An AI-driven solution
Gramener, in conjunction with the Microsoft AI for Earth program, worked with the Nisqually River Foundation to attempt to automate the detection and identification of fish species from the video clips. The Nisqually salmon detection application was built as a web app to automate the process of video feed input, detection, and classification. The automated AI solution leverages the latest deep learning algorithms implemented using the Microsoft Azure and Cognitive Services platform stack.
According to Kesari, the process begins with the video feeds being processed to extract the relevant frames.
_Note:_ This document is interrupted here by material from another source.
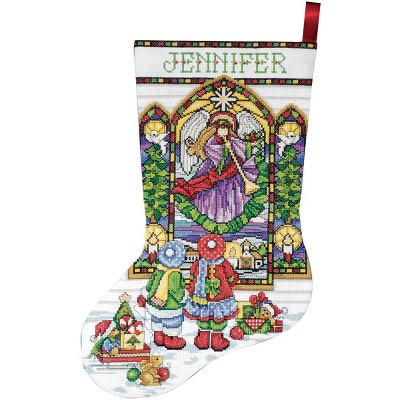 Design Works Counted Cross Stitch Stocking Kit 17" Long-Stained Glass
Deep learning models are then trained to detect the fish by drawing bounding boxes and accurately identifying the species within the video frames.
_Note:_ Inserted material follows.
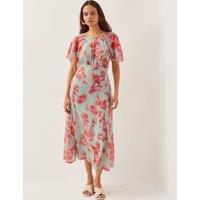Monsoon Floral Round Neck Midi Waisted Dress Green Mix
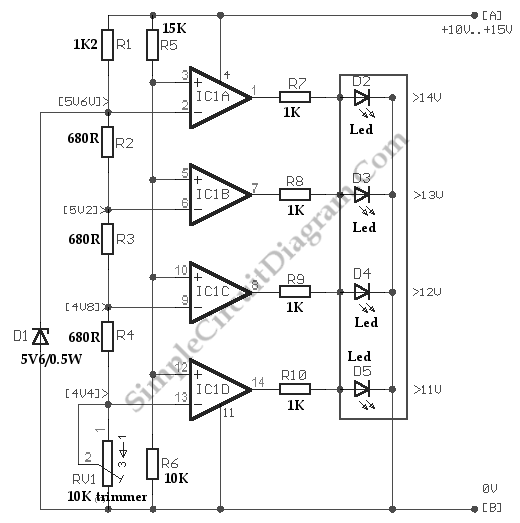 Voltmeter with LED for car battery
Given the nature of the problem and the format of the video files, processing power was a key requirement for the training and validation phases. “A GPU (Graphics Processing Unit) machine was the natural choice to run the object detection models, hence we selected a GPU virtual machine (VM) in the Azure portal,” Kesari said.
“For a reliable cloud solution with machine learning capabilities, Microsoft Azure Data Science VMs was chosen. For the purpose of extracting frames from the videos and tag them, Microsoft Visual Object Tagging Tool (VOTT) came in handy. The final object detection algorithm chosen was a YOLO V3 video detection algorithm.” YOLO stands for “you only look once” and is a state-of-the-art, real-time object detection system.
The first challenge was to process the videos and tag the fish, Kesari said. The heavy manual work involved in this was automated by leveraging the Microsoft VOTT tool. The tagged frames were then used to train a model using Microsoft Cognitive Toolkit (CNTK). This model was then tested against more frames extracted from the videos. While this solution was good, it lacked speed and real-time video detection capabilities. As an enhancement to the solution, Gramener moved to video object detection using YOLO V3, which provides a faster solution with real-time capabilities.